Au pays où, pour répondre au grand besoin d’un système clanique, le député Gary Bodeau arrive à faire parler ses lois, « afin de pouvoir mieux institutionnaliser la corruption et pérenniser l’impunité« , selon les dénonciations de l’opposition, il ne se passe pas une journée sans que l’ haïtien moyen se laisse emporter par le courant du désespoir au point, sans hésiter, d’aller se faire humilier en République Dominicaine. Traqué comme un pestiféré tout en étant un rude travailleur, mais taxé d’indésirable pour être ensuite renvoyé vers l’enfer d’Haïti où les dirigeants ne sont pas à même d’honorer des simples factures de livraison de carburants…
Samedi 24 août 2019 ((rezonodwes.com))–Vous pouvez remonter au dernier communiqué de presse de la DGM duquel est tiré le traitement de ce texte. Des haitiens arrêtés et expulsés de la République Dominicaine encore et encore.
Dajabón et Elías Piña étaient les points de passage frontaliers utilisés par la Direction générale des migrations (DGM) pour déporter la semaine dernière, 743 ressortissants haïtiens sur les 885 détenus dans le cadre d’opérations d’interdiction des migrations menées dans neuf (9) provinces et dans le district national de Santo Domingo.

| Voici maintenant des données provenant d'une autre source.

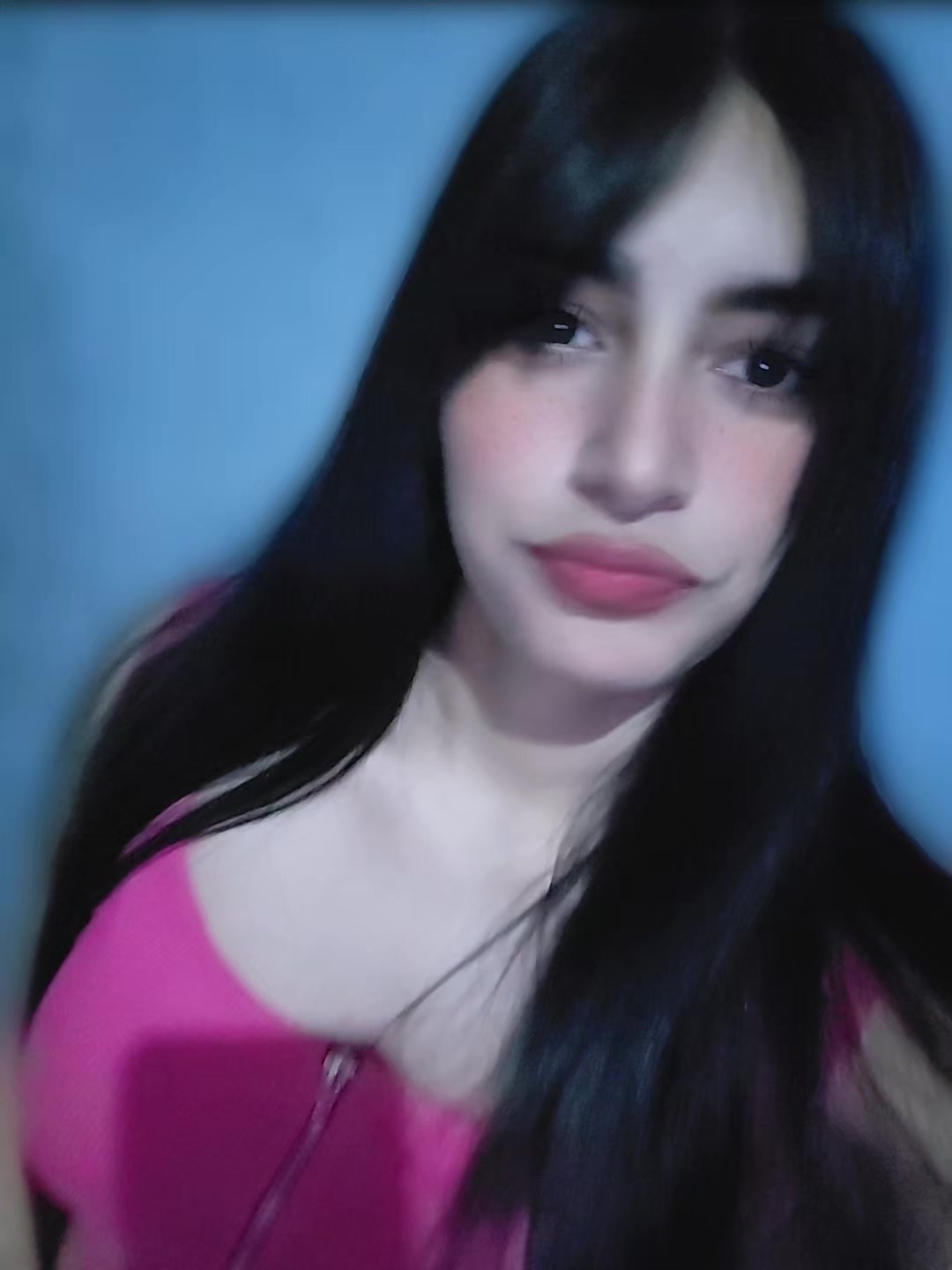 @francelys🤍🩷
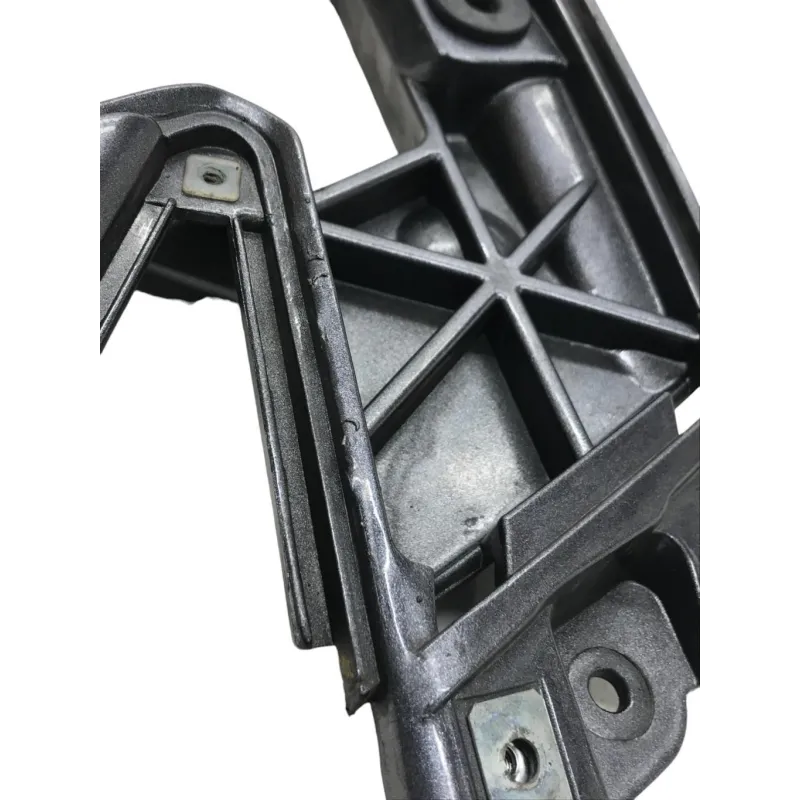 Cache lateral droit APRILIA SRV 850 2012-2014
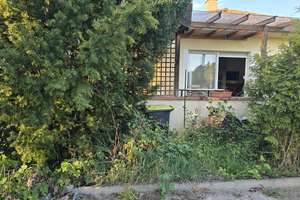 Wohnen im grünen Bungalow in der Gartenlandschaft von Pforzheim Höhenlage der Hachel Allee – Die vollständige Adresse der Immobilie erhältst du vom Anbieter., 75177 Nordstadt, Pforzheim – Vorschaubild 17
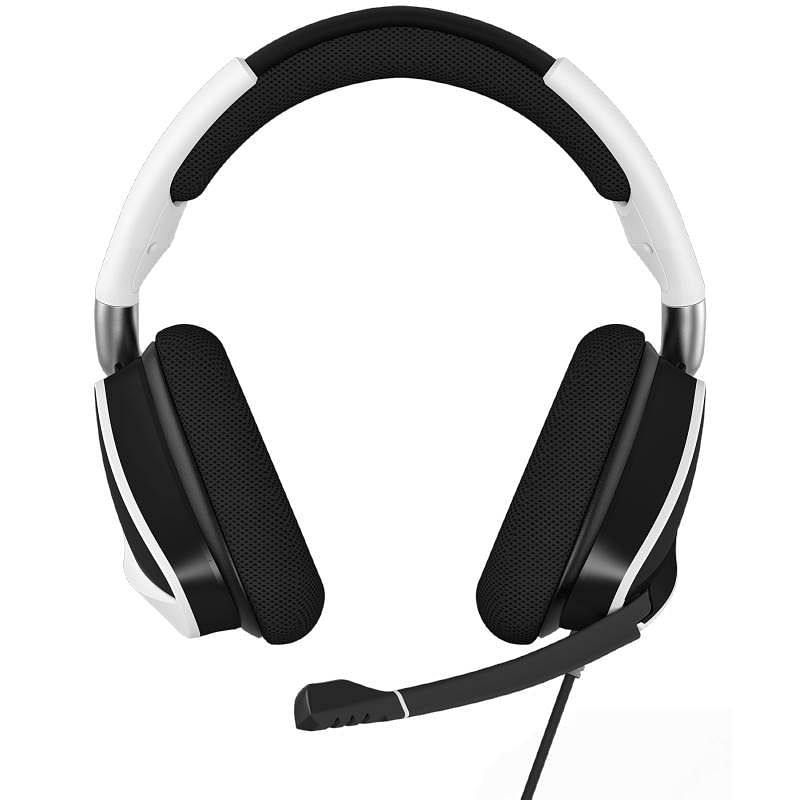 Corsair void rgb usb dolby 7.1 2025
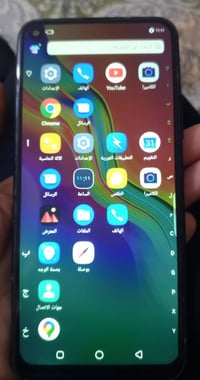 انفنكس • للبيع • مناذرة حيرة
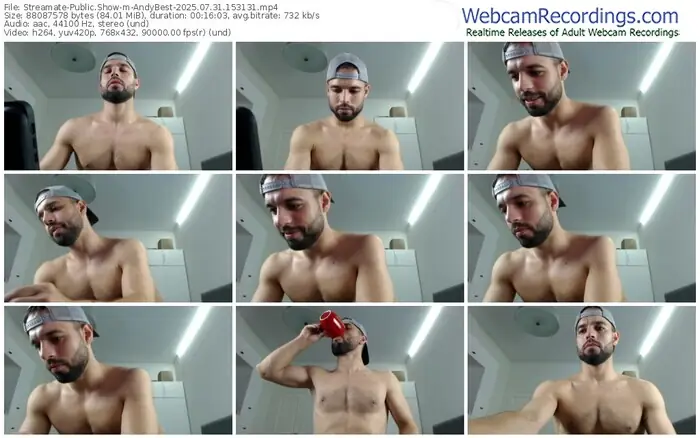 2025/07/31/streamate-andybest-15-31-31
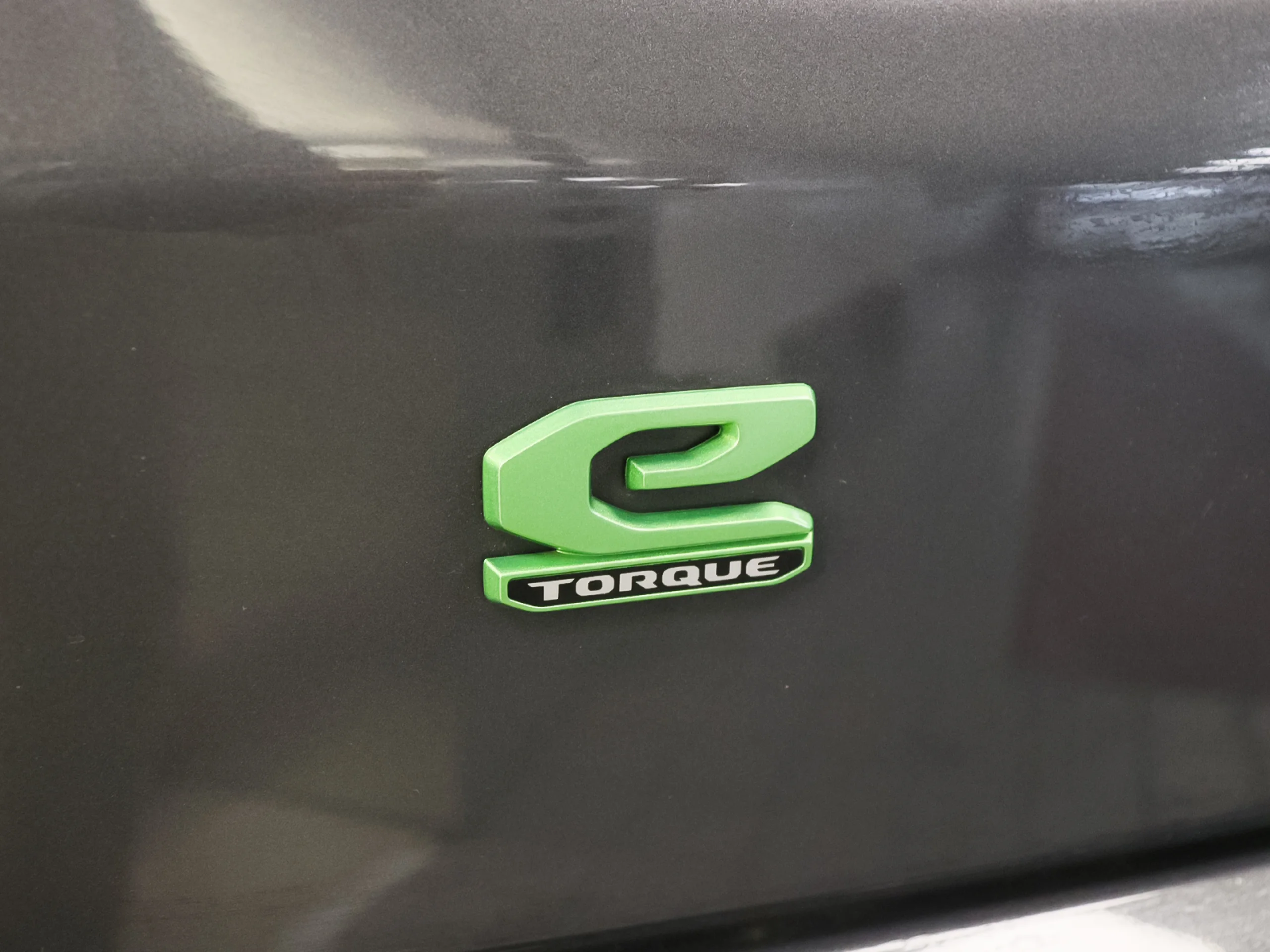 Jeep Compass eHybrid 1.5 MHEV Longitude DCT 96 kW (130 CV) - Foto 34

Les autorités dominicaines ont facilement répertorié les poches de concentration des compatriotes grâce à leur unités de renseignement. Parmi les endroits, ont-ils noté, où le nombre de détenus et de déportés est le plus élevé, figurent les municipalités est et ouest de la province de Santo Domingo, où 181 Haïtiens au total ont été arrêtés, dont 158 ont été déportés par le poste frontière d’Elías Piña.
A Los Caballeros, 151 Haïtiens ont été arrêtés dont 124 déportés par la porte frontalière de Dajabón; à Bávaro, dans la province de La Altagracia, 132 arrestations ont été recensées et 115 expulsés. Toujours selon cette note de la DGM, dans le district national, l’agence a arrêté 125 ressortissants haïtiens et 102 déportés par Elías Piña.